I HAVE A MINOR CHILD WITH A DISABILITY AND EXPECT THEY WILL BE INCAPACITATED THROUGH ADULTHOOD – WHAT STEPS DO I TAKE?
Once a person turns 18, they are considered a legal adult by most entities in American society, including financial institutions, medical providers, and government agencies like the Social Security Administration. At that point, in order to assist them with things like medical treatment or government benefits, such entities will more than likely require a guardianship and/or conservatorship to have authority to make decisions on their behalf. Depending on the situation, the parent or legal custodian of the respondent can petition about two months before the respondent’s 18th birthday and request a court date for the birthday or shortly after that. Alternatively, if the 18th birthday is coming up quickly and there is a serious need for a guardianship and/or conservatorship, there is also an expedited version of the process. The legal standards for this are heightened, but if the situation is an emergency, the court may appoint an emergency guardian and/or special conservator to serve until the permanent one is ordered on the regular timeline.
It's also a good idea for parents to meet with an estate planning attorney and ensure they have official, written guardian and conservator nominations for any minor children as well as express, broad authority for their nominated fiduciaries to be able to make lawful gifts to minors or incapacitated beneficiaries in a way that’s in their best interests.
CONCLUSION
Adult protective cases can feel emotionally taxing and overwhelming for everyone involved. At Gant Law, we understand that every case has its own unique needs and we pride ourselves in doing everything we can to ensure these cases are resolved and tailored to the best interests of the protected person. If you’re worried about a loved one’s wellbeing, you feel like someone is pressuring or taking advantage of you or your loved one, or you’re interested in taking estate planning measures, please schedule a consultation with us and one of our attorneys will be happy to provide you with personalized advice.

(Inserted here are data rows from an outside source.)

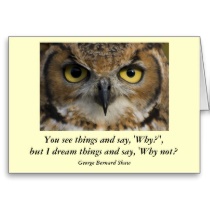 Owls quote #2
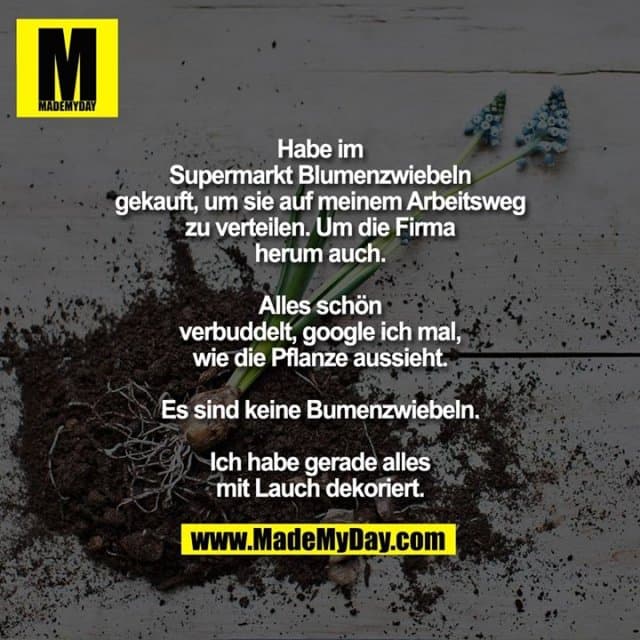 Habe im Supermarkt Blumenzwiebeln gekauft, um sie auf meinem Arbeitsweg zu verteilen.
Um die Firma herum auch.
Alles schön verbuddelt, google ich mal, wie die Pflanze aussieht.
Es sind keine Blumenzwiebeln.
Ich habe gerade alles mit Lauch dekoriert. - Inspiration, Zitate & Sprüche | MadeMyDay | Jetzt entdecken & teilen Habe im Supermarkt Blumenzwiebeln gekauft, um sie auf meinem Arbeitsweg zu verteilen.
Um die Firma herum auch.
Alles schön verbuddelt, google ich mal, wie die Pflanze aussieht.
Es sind keine Blumenzwiebeln.
Ich habe gerade alles mit Lauch dekoriert. - Inspirierendes Zitat mit Bild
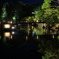 Hikone Castle night view②～Color
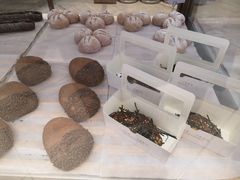 -奈雪的茶(金地广场店)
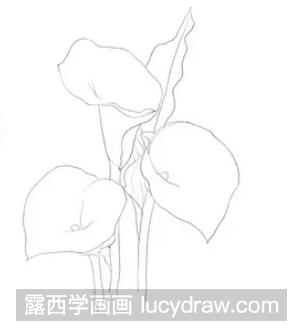 钢笔画教程：怎么画海芋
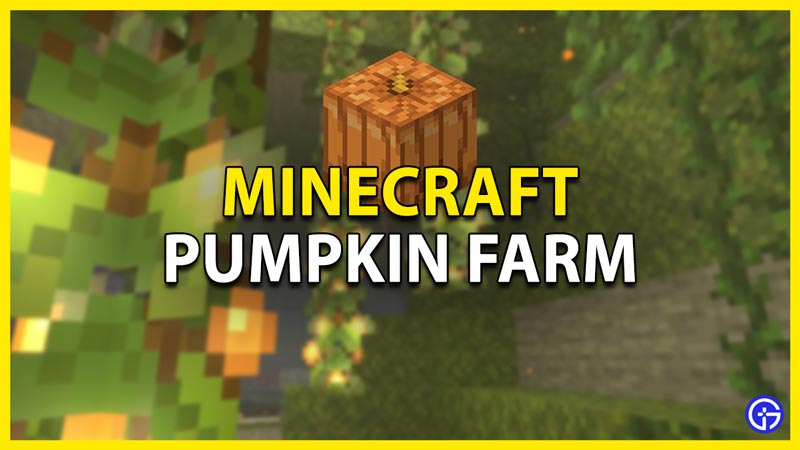 how to make a pumpkin farm in minecraft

*Please Note: While it’s often ideal to retain the services of an attorney, it’s also important to know that representation is not required, and anyone can proceed with protective cases without legal counsel. The courts supply many helpful resources and JDF forms for public use. All necessary forms can be downloaded from the Colorado Judicial Branch website under Self-Help and Forms. The court’s instructions and list of forms for appointment of a guardian and conservator for an adult can be found on JDF 840 and JDF 875, respectively.